-- WHAT TO WORK ON --
Return verbatim every line from the first line of the data below to the line that contains "严重急性呼吸道症候群课件_第3页", inclusive, and no further.

-- PROVIDED MATERIAL --
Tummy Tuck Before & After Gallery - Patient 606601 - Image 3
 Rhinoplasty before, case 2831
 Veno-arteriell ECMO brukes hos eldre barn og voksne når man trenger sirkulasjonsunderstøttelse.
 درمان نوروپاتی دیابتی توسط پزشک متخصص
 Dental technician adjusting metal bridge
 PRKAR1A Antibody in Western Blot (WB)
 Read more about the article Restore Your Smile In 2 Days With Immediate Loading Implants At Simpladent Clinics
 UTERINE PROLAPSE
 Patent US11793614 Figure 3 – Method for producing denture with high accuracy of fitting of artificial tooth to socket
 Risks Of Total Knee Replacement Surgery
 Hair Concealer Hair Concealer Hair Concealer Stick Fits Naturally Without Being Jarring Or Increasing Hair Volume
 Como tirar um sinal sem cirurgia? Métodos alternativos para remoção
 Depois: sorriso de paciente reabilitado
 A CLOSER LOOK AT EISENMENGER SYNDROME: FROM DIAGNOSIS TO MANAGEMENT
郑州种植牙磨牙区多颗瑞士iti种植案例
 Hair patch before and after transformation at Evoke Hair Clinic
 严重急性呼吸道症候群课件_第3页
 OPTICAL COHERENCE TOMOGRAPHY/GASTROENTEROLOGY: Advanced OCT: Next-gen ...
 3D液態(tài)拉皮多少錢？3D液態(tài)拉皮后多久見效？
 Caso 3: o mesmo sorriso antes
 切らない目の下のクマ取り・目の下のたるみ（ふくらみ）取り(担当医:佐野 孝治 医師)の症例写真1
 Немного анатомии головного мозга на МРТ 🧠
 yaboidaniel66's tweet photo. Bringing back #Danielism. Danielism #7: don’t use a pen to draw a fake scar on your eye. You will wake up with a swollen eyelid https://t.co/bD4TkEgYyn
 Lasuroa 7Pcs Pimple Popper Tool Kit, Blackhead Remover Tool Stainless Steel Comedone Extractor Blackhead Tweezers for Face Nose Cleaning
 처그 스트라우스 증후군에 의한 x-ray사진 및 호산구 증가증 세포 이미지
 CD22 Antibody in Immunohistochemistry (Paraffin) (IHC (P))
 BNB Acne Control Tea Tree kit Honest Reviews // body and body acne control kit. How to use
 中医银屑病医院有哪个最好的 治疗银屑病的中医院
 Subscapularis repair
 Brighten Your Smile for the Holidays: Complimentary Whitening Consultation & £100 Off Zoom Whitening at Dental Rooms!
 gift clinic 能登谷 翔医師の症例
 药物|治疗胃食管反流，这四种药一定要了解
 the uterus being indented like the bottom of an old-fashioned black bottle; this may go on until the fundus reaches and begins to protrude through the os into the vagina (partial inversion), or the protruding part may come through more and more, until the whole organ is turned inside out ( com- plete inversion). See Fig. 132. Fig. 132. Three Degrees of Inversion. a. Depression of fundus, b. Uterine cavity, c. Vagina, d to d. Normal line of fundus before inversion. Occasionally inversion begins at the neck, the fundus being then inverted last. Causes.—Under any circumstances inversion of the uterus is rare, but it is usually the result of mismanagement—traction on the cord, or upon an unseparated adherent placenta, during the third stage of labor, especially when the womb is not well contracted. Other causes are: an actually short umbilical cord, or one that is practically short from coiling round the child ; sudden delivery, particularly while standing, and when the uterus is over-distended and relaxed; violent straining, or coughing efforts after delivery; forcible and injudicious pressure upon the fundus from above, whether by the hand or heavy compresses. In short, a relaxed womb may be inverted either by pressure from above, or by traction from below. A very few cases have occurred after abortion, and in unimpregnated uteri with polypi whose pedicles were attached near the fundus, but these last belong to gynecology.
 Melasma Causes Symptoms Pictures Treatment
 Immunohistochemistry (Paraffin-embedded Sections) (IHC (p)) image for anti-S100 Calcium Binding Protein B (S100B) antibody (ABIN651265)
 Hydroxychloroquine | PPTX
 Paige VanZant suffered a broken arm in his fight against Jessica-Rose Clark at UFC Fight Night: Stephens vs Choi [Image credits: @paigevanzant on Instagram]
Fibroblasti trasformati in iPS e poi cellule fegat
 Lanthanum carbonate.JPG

-- SOLUTION --
Tummy Tuck Before & After Gallery - Patient 606601 - Image 3
 Rhinoplasty before, case 2831
 Veno-arteriell ECMO brukes hos eldre barn og voksne når man trenger sirkulasjonsunderstøttelse.
 درمان نوروپاتی دیابتی توسط پزشک متخصص
 Dental technician adjusting metal bridge
 PRKAR1A Antibody in Western Blot (WB)
 Read more about the article Restore Your Smile In 2 Days With Immediate Loading Implants At Simpladent Clinics
 UTERINE PROLAPSE
 Patent US11793614 Figure 3 – Method for producing denture with high accuracy of fitting of artificial tooth to socket
 Risks Of Total Knee Replacement Surgery
 Hair Concealer Hair Concealer Hair Concealer Stick Fits Naturally Without Being Jarring Or Increasing Hair Volume
 Como tirar um sinal sem cirurgia? Métodos alternativos para remoção
 Depois: sorriso de paciente reabilitado
 A CLOSER LOOK AT EISENMENGER SYNDROME: FROM DIAGNOSIS TO MANAGEMENT
郑州种植牙磨牙区多颗瑞士iti种植案例
 Hair patch before and after transformation at Evoke Hair Clinic
 严重急性呼吸道症候群课件_第3页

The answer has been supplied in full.